▶ [EXERCISE OBJECTIVE]
I'd like the records transcribed exactly, leaving the images out.

▶ [LISTED ENTRIES]
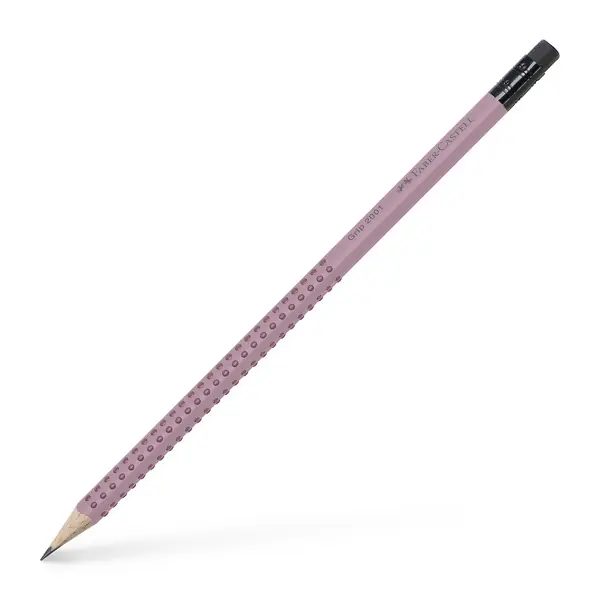 Populair Faber Castell Potlood grip 2001 - grafiet B met gum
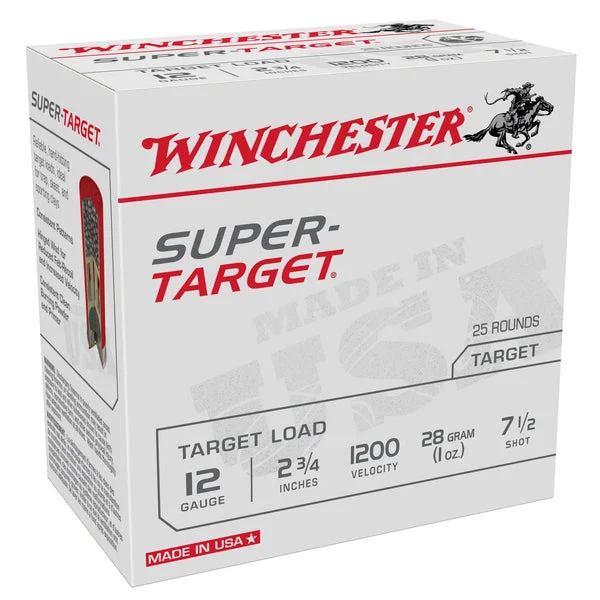 WINCHESTER SUPER-TARGET 12GA 2-3/4" #7.5 1200FPS 25RD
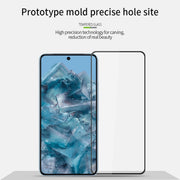 For Google Pixel 9 Pro PINWUYO 9H 3D Full Screen Explosion-proof Tempered Glass Film(Black)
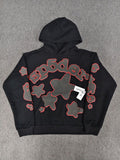 Sp5der Black Brown Star Logo Hoodie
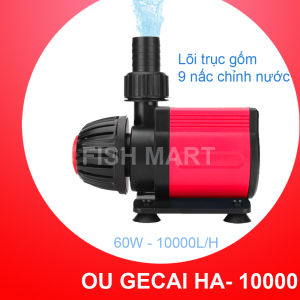 Máy bơm chìm hồ KOI Gecai HA-8000 8200l/h ( 50W ) - Máy bơm nước hồ cá Koi chuyên dụng siêu bền  tiết kiệm điện 9 nấc chỉnh nước. BH uy tín bởi FISH MART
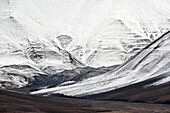 Svalbard, arctic slopes in Isfjord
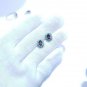 Purple Garnet Cluster Earring 925 Silver Earring Color Change Garnet Earrings Ns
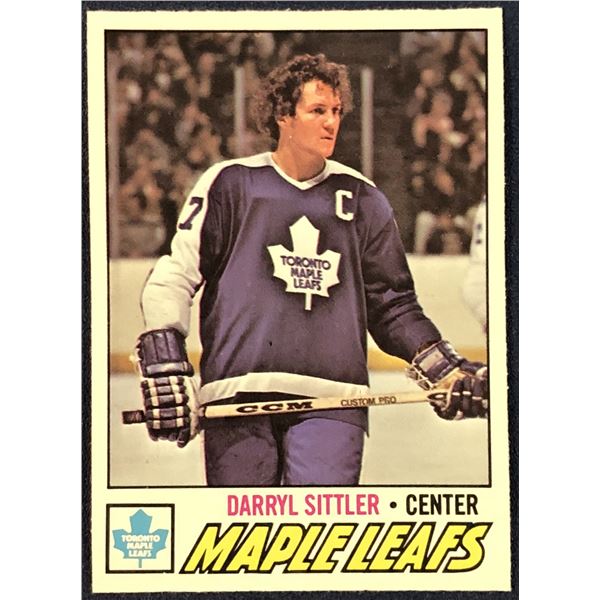 1977-78 O-PEE-CHEE NHL DARRYL SITTLER (HOF)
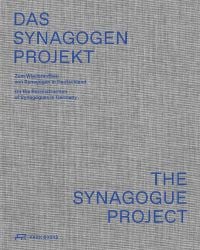 DAS SYNAGOGEN PROJEKT, THE SYNAGOGUE PROJECT, in blue font to top left and bottom right of grey cover.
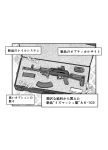  ak-103 assault_rifle gun kantai_collection no_humans rifle shin_ichi_(zenshuu_bougyo) suitcase suppressor translation_request weapon 
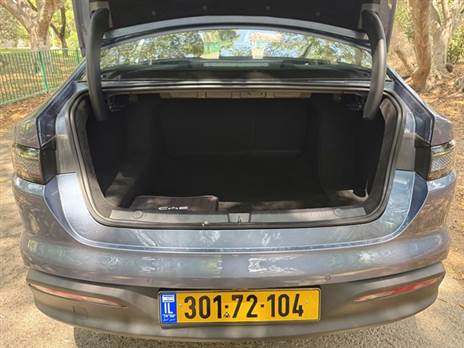 תא המטען פחות מרשים במציאות לעומת הנתון שעל הנייר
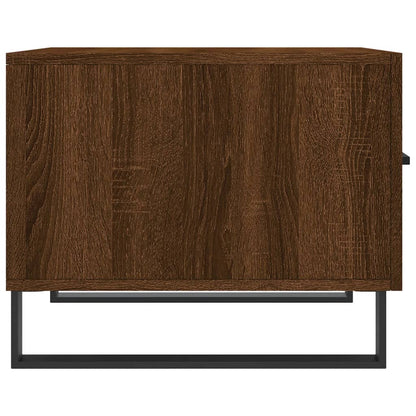 Salongbord Sofabord Brun Eik 2 stk 50x50x40 cm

▶ [YOUR RESPONSE]
 Populair Faber Castell Potlood grip 2001 - grafiet B met gum
 WINCHESTER SUPER-TARGET 12GA 2-3/4" #7.5 1200FPS 25RD
 For Google Pixel 9 Pro PINWUYO 9H 3D Full Screen Explosion-proof Tempered Glass Film(Black)
 Sp5der Black Brown Star Logo Hoodie
 Máy bơm chìm hồ KOI Gecai HA-8000 8200l/h ( 50W ) - Máy bơm nước hồ cá Koi chuyên dụng siêu bền  tiết kiệm điện 9 nấc chỉnh nước. BH uy tín bởi FISH MART
 Svalbard, arctic slopes in Isfjord
 Purple Garnet Cluster Earring 925 Silver Earring Color Change Garnet Earrings Ns
 1977-78 O-PEE-CHEE NHL DARRYL SITTLER (HOF)
 DAS SYNAGOGEN PROJEKT, THE SYNAGOGUE PROJECT, in blue font to top left and bottom right of grey cover.
  ak-103 assault_rifle gun kantai_collection no_humans rifle shin_ichi_(zenshuu_bougyo) suitcase suppressor translation_request weapon 
 תא המטען פחות מרשים במציאות לעומת הנתון שעל הנייר
 Salongbord Sofabord Brun Eik 2 stk 50x50x40 cm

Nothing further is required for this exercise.